Главная книга Солженицына писалась им в 1960-х годах, когда в общих чертах уже сформировалось представление о сталинском терроре, в плену которого мы находимся до сих пор. В 1956 году на XX съезде КПСС Никита Хрущев пошел на исторический шаг: система впервые в истории разоблачила себя и фактически покаялась в совершенных преступлениях. Но с одним значительным «но»: преступления, в которых каялась система, были совершенны против невиновных людей. В круг оправданных не вошли люди, являвшиеся по советским меркам преступниками — кто словом или делом, с оружием в руках или мирной забастовкой сопротивлялся большевикам. А потому историю сталинских репрессий медленно низвели к рассказу о том, как советских граждан гнали на убой, а они не сопротивлялись. Сопротивление большевикам было выключено из насаждаемого официального нарратива.
Этот катастрофический разрыв нашей исторической памяти не поколебали перемены. У большинства россиян произошло еще в советское время примирение с «белыми»: по меткой формуле того же Солженицына, воевали «наши против своих». Такая точка зрения никогда не распространится на коллаборационистов Второй мировой — они вошли в историю не столько борцами со Сталиным, сколько очевидными предателями в истребительной войне. Упоминать о более мелких примерах сопротивления не приходится — они, откровенно говоря, большинством россиян «забыты».

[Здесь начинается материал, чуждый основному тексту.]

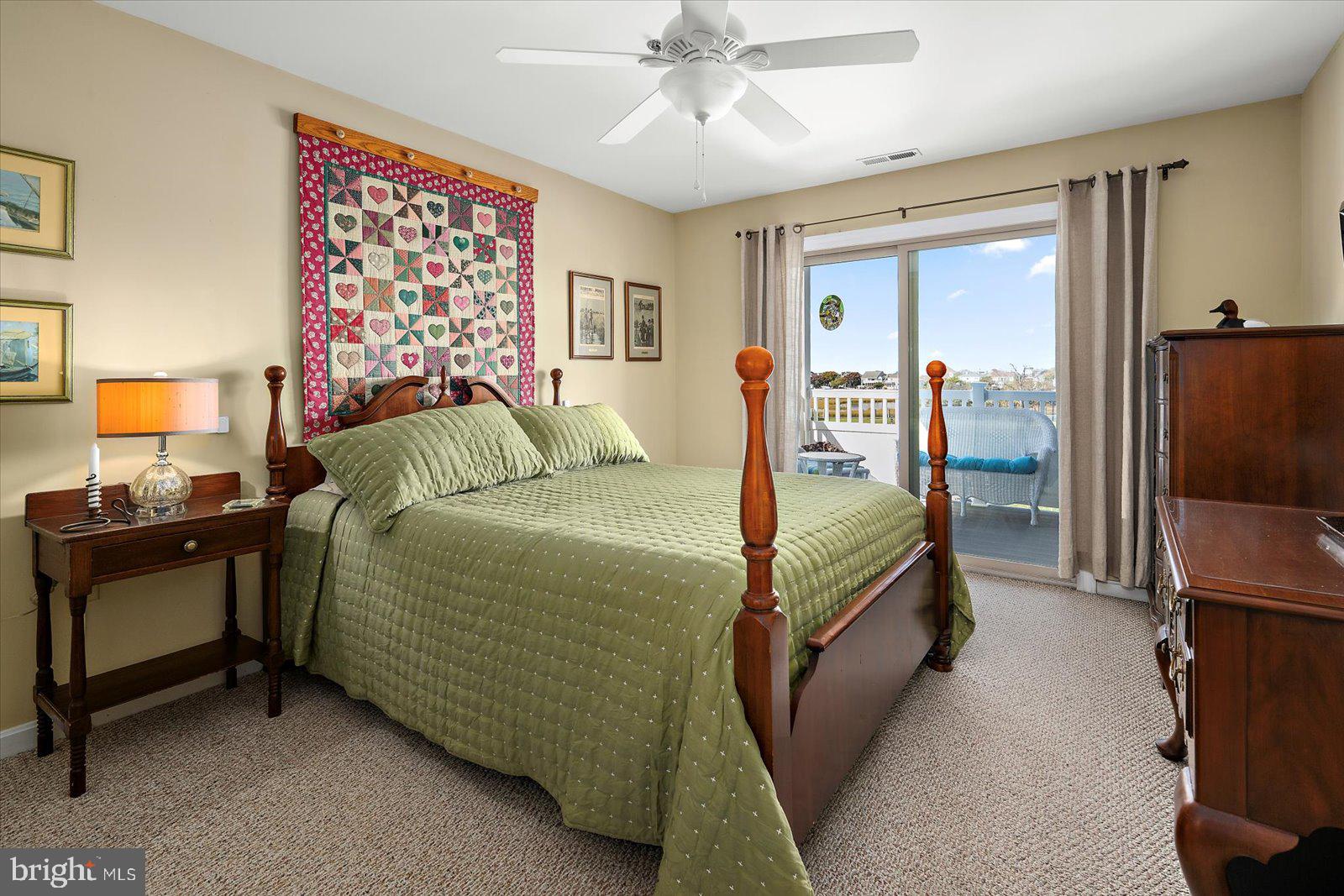 201 South Heron Drive, Unit 2D Ocean City, MD 21842 - Photo 14 of 61 a bedroom with a bed and a chandelier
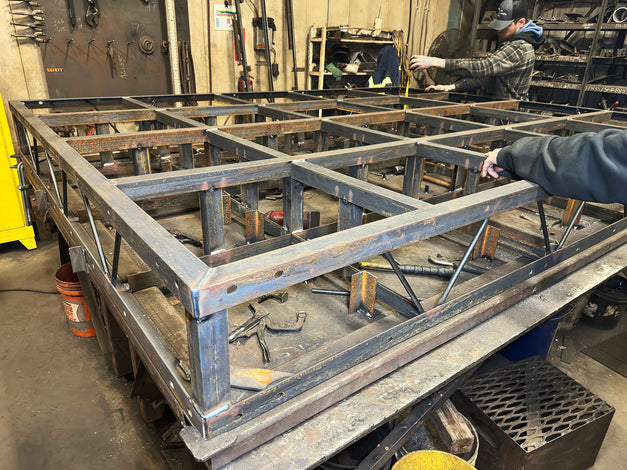 Two people work on a large metal frame structure for a floating dock in a workshop, with metal tools and materials visible in the background.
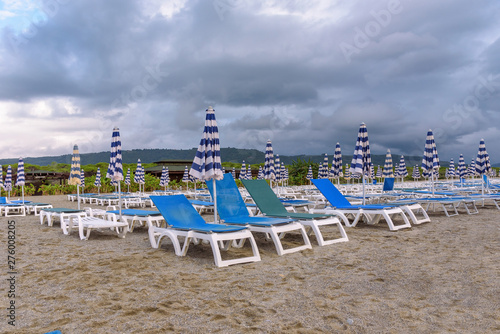 Sunbeds and umbrellas on the calabrian beach © mkos83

Но подобная ситуация нуждается в исправлении. Сегодня, когда гражданское общество сталкивается с самым сильным с советских времен давлением со стороны государства, становится необходимым искать положительные примеры в прошлом. Да, в отечественной истории слишком мало убедительных примеров опыта свободы. Ее без труда можно описать как вековое царство авторитаризма. Но сколь велика авторитарная традиция, столь значительна и традиция сопротивления ему. И Норильское восстание, и его организаторы — пример того, что и в истории и даже в будущем не все так безнадежно, как порой кажется.